フィードバック回路(その1) E-35 No76 07年12月13日(木)
(1)
3段アンプの入力に細め多数巻のコイルL1を、 出力のLEDに並列に、太め少数巻きのコイルL2を入れます。
L2には小型のスピーカーを直列につないでおきます。
(2)
L1とL2を並べてセットし、 可変抵抗を加減すると、
スピーカーが鳴り出します。音が出ないときには、どちらかのスピーカーを裏返すと鳴ります。これはつなぎ方を逆にしたのと同じことです。
(3)
L1とL2を並べておいて、 その間隔を大きくすると音が高くなり、 接近させると低くなります。 コイルの中に鉄棒を入れると、音は低くなります。
(4) L1をサーチ・コイル、 L2をドライブ・コイルと呼ぶことがあります。
L1で発生した脈流がトランジスタで3段に増幅されてL2に流れ、 これがL1にフィードバックされます。 以後、 原因と結果とが交互にはたらきあって、ますます活性化されるというわけです。蛇足の[4]に追加の説明をしました。
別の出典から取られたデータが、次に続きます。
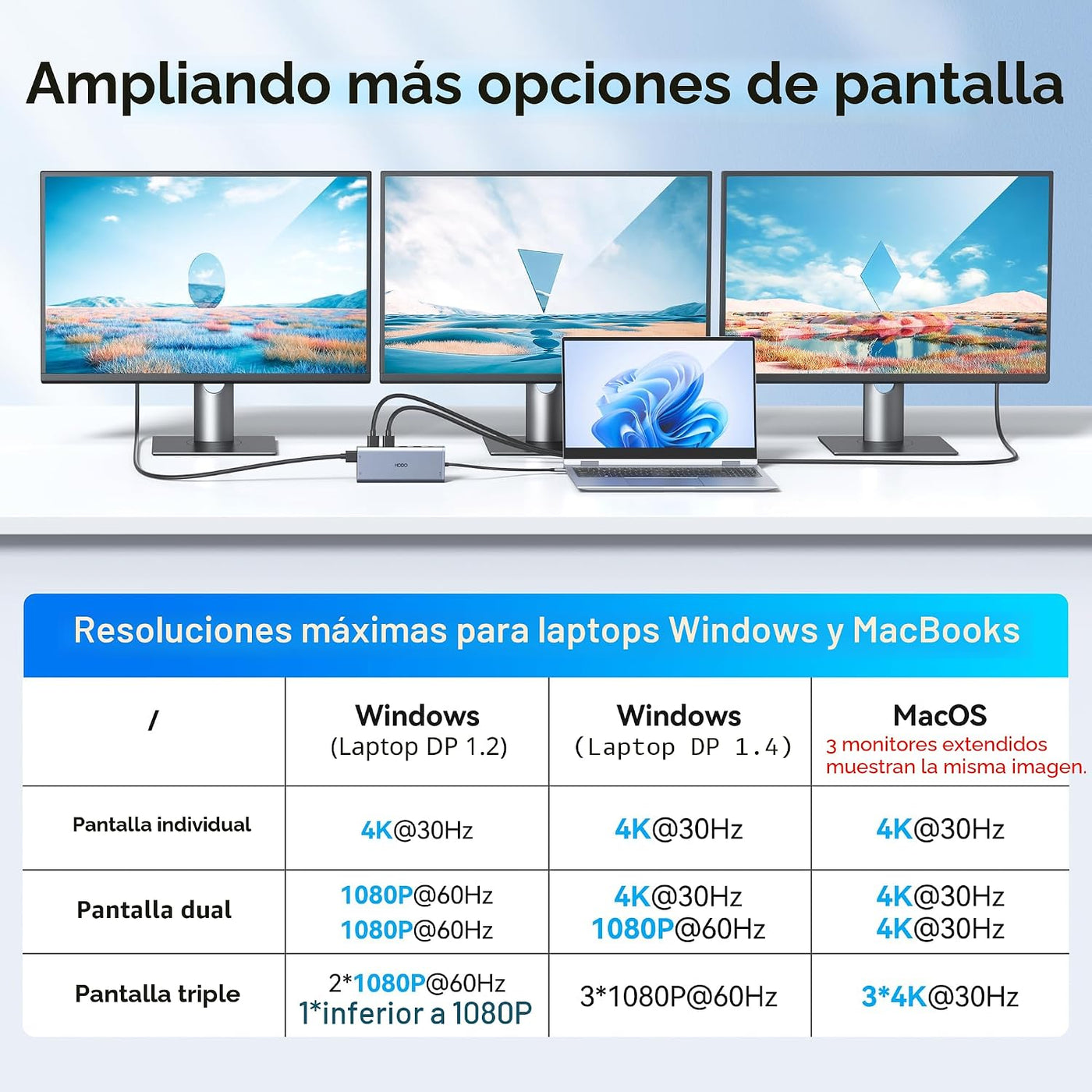 Estación de acoplamiento USB C Monitor dual para HP,Estación de | U...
(5) 電源トランスの高圧側をL1に、低圧側をL2として使うことができます。電源トランスの1次側に並列に入れたネオン球が発光しました。
蛇足
[1]
3段アンプについては、 No10〜No16を参考にしてください。
[2]
3段アンプでは、出力検出用のLEDは電源の順向きにつなぎますが、 ここでは、 2次側のコイルがLEDに並列に入っているので、 誘導起電力で点灯するのです。 従って、
LEDは電源に対しては逆向きにつなぎます。 装置には、 順・逆の2つの向きにLEDを入れ、 クリップで選ぶようにすると便利です。
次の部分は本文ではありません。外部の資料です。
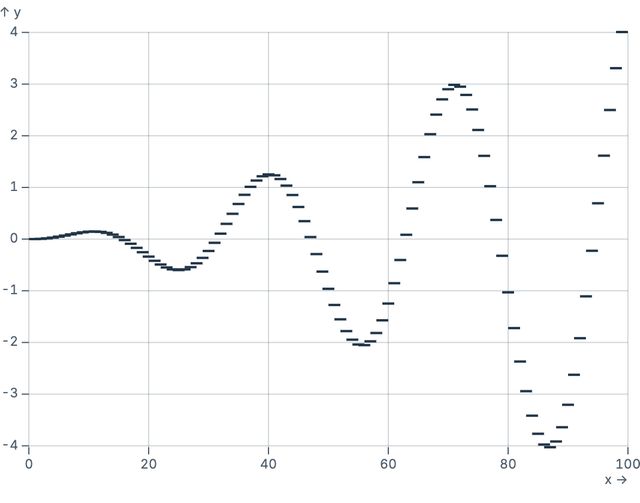 TickY on quantitative scale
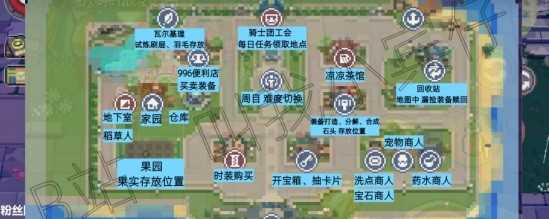 《元气骑士前传》全NPC位置及作用介绍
[3] トランジスタのスイッチング作用と電流増幅に加えて、 L1とL2とがトランスを形成して、フィードバックされて発振するのでしょう。 そのためには、 両方のコイルに流れる電流が同位相でなくてはなりません。スピーカーが鳴らないときには逆位相になっていて、ネガティヴにフィードバックされているのです。
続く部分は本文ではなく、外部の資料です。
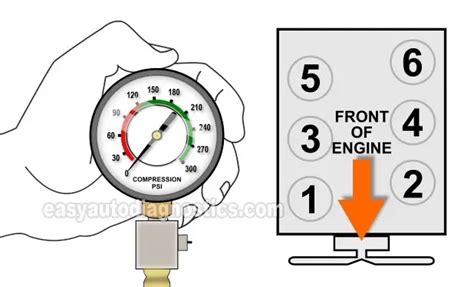 compression test 1998 nissan frontier|Compression test for 1998 Frontier .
フィードバック・サーキットは帰還回路といいます。本来のキの字は、食偏に貴と書きます。ネガティヴ・フィードバックは負帰還回路です。
[4]
100円ショップで買ってきた1mmφのアルミ線を内径50mmの円形に巻き直すと100Tのコイルになります。 これをL2として使います。 L1としては、 0.2mmφのエナメル線を、 同じ直径で200〜300Tのコイルに巻きます。 コイルの径を50mmにしたのは、この後、 この中で磁石のこまを回すためです。
[5] 条件を満たすコイルの組を探してみましょう。
トランスのように見えないコイルはオーム抵抗が大きい方をL1として使ってみましょう。